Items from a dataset
---

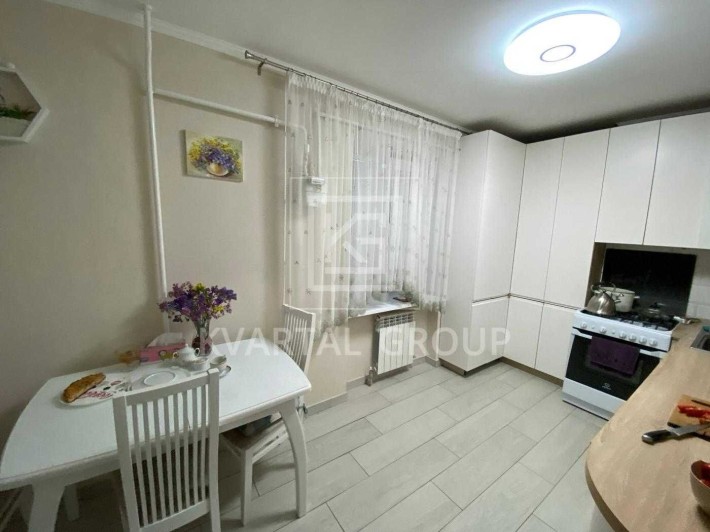 Продам 2 кімнатну квартиру з ремонтом та меблями + гараж в подарунок! - фото 1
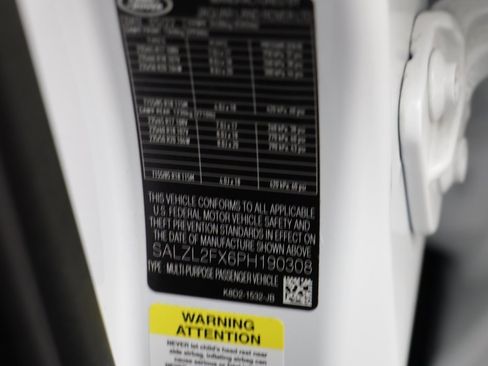 Used 2023 Land Rover Range Rover Evoque R-Dynamic SE image 23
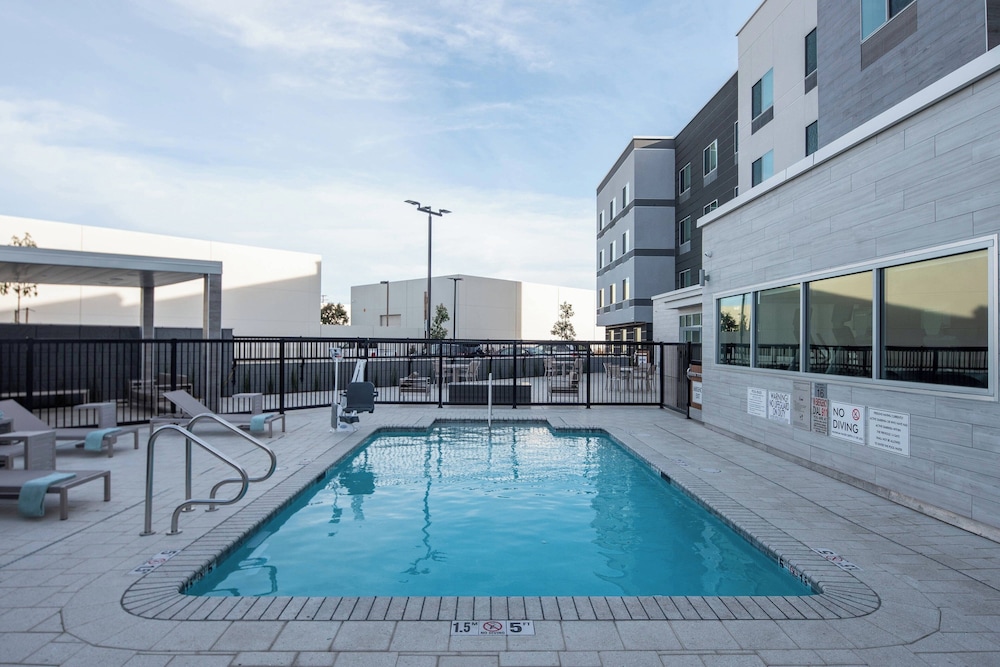 Fairfield Inn & Suites by Marriott Anaheim Los Alamitos - photo 27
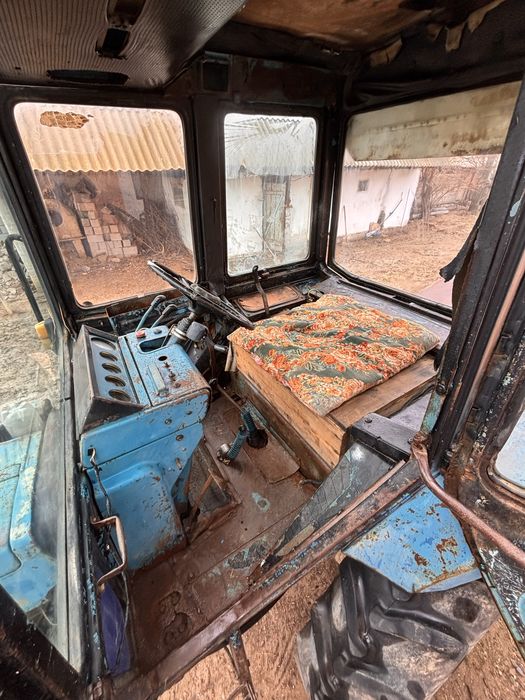 Трактор МТЗ 80 XAH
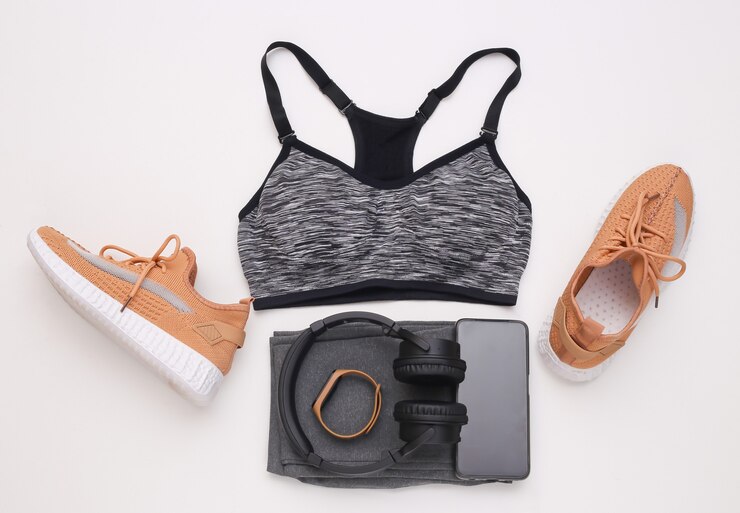 Photo flat lay composition of sports equipment, clothes on white background. fitness, sport and healthy lifestyle concept. top view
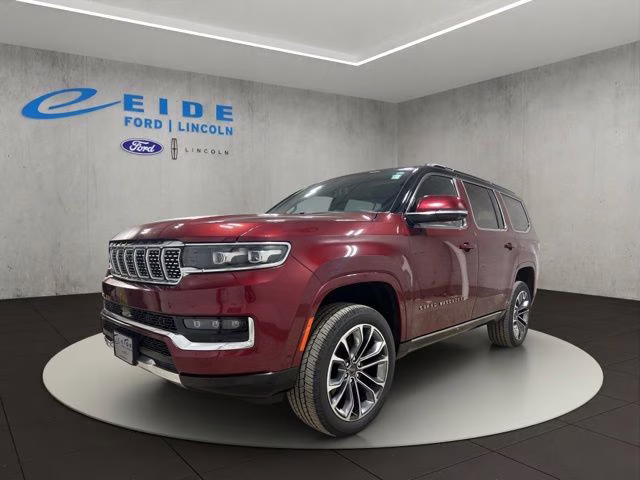 2022 Velvet Red Pearlcoat Jeep Grand Wagoneer Series III 4X4 SUV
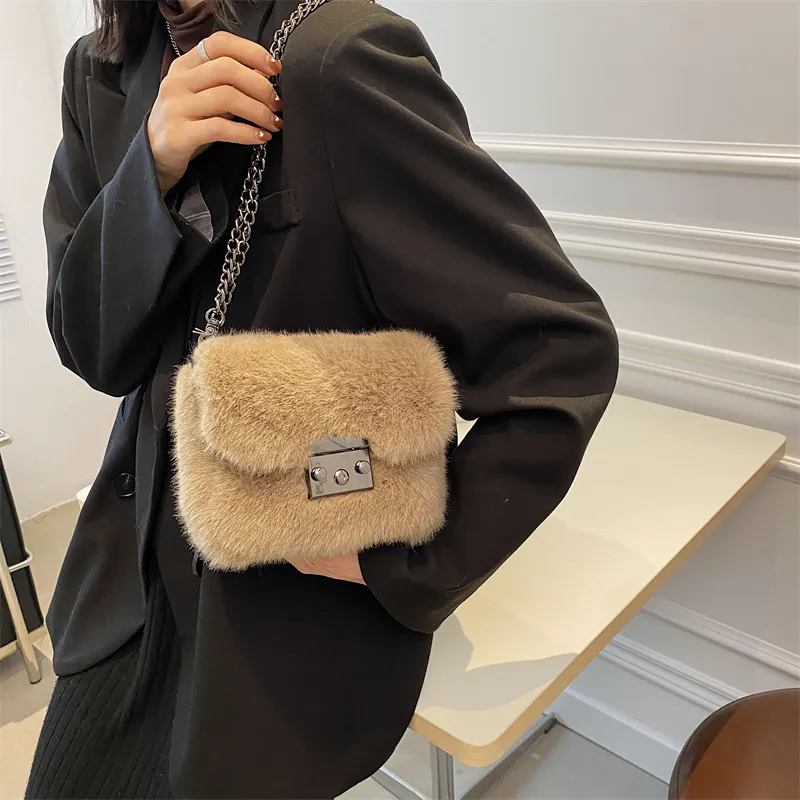 CORE BIRD Plush Shoulder Bag Women's Multicolor-17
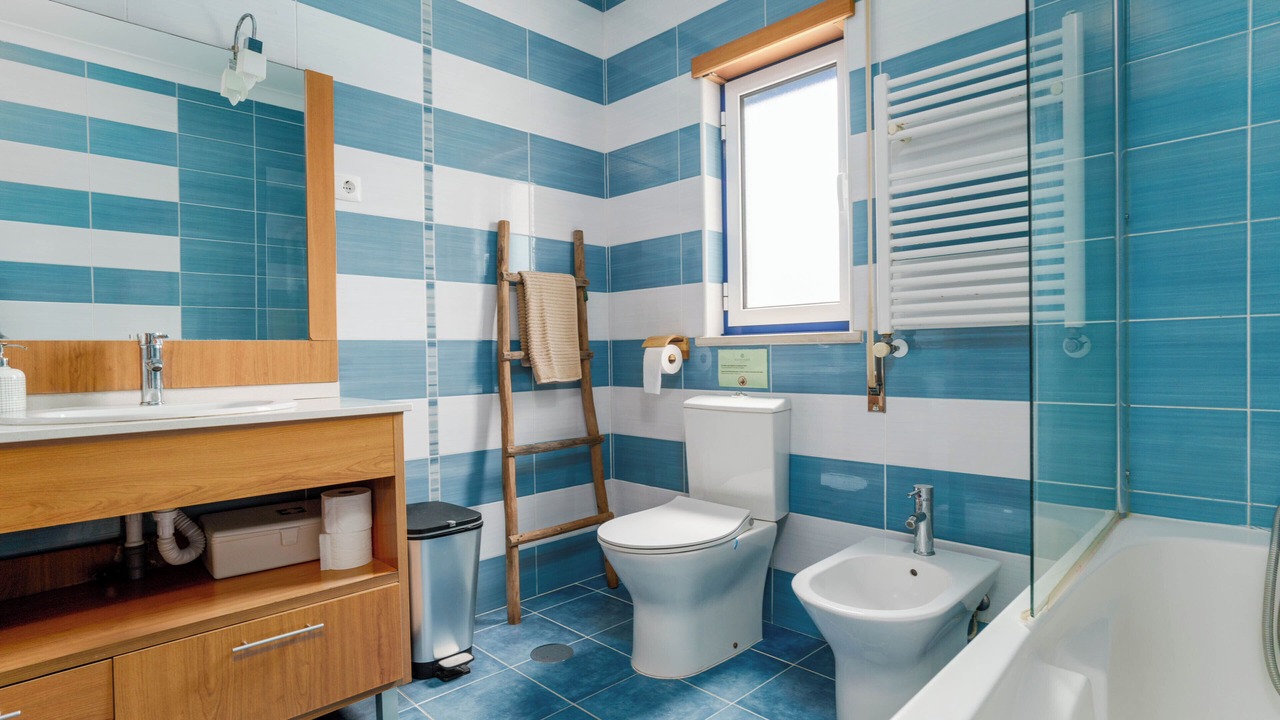 Photo of Bathroom in Aljezur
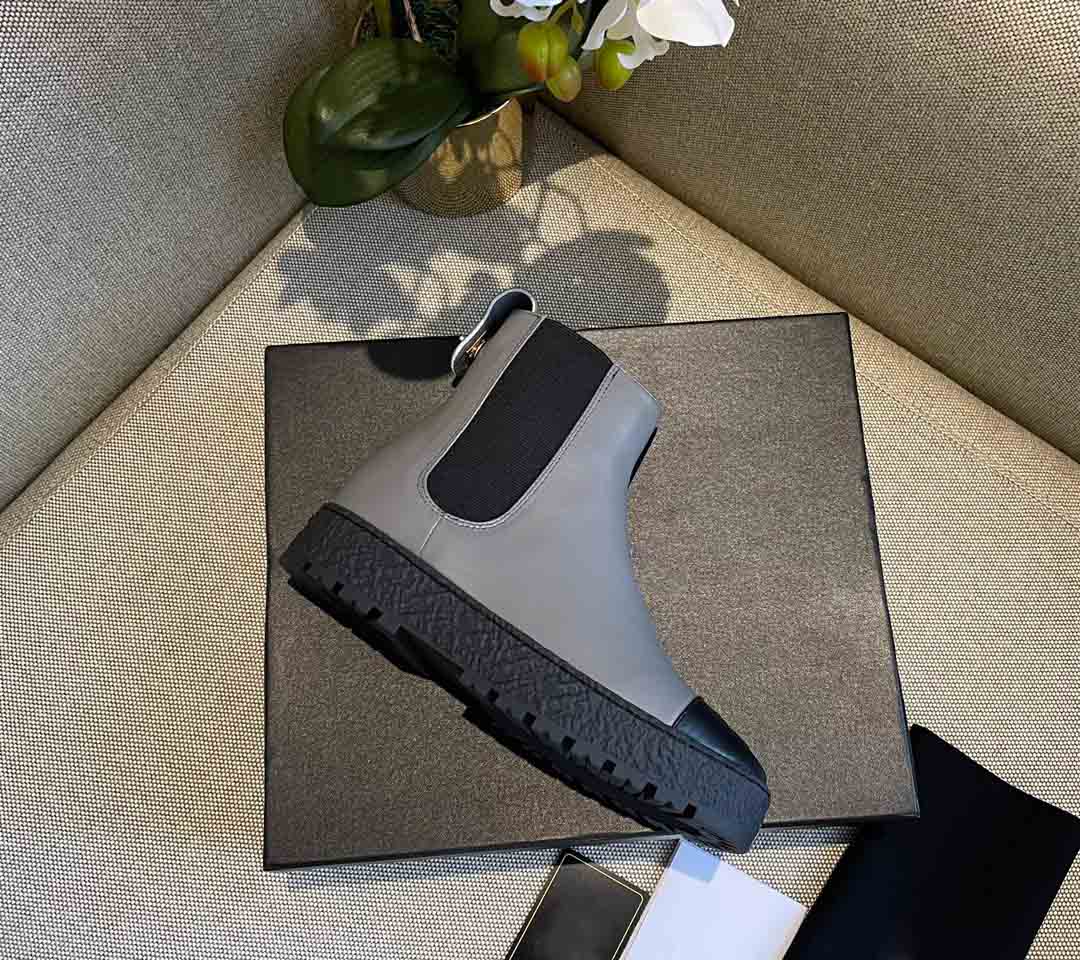 

2022 genuine leather women ankle boots women's luxury brand designer Chelsea boot good quality, Black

---

INSTRUCTIONS TO FOLLOW
Exactly repeat the data above; the pictures do not belong in your copy.

YOUR RESPONSE
 Продам 2 кімнатну квартиру з ремонтом та меблями + гараж в подарунок! - фото 1
 Used 2023 Land Rover Range Rover Evoque R-Dynamic SE image 23
 Fairfield Inn & Suites by Marriott Anaheim Los Alamitos - photo 27
 Трактор МТЗ 80 XAH
 Photo flat lay composition of sports equipment, clothes on white background. fitness, sport and healthy lifestyle concept. top view
 2022 Velvet Red Pearlcoat Jeep Grand Wagoneer Series III 4X4 SUV
 CORE BIRD Plush Shoulder Bag Women's Multicolor-17
 Photo of Bathroom in Aljezur

2022 genuine leather women ankle boots women's luxury brand designer Chelsea boot good quality, Black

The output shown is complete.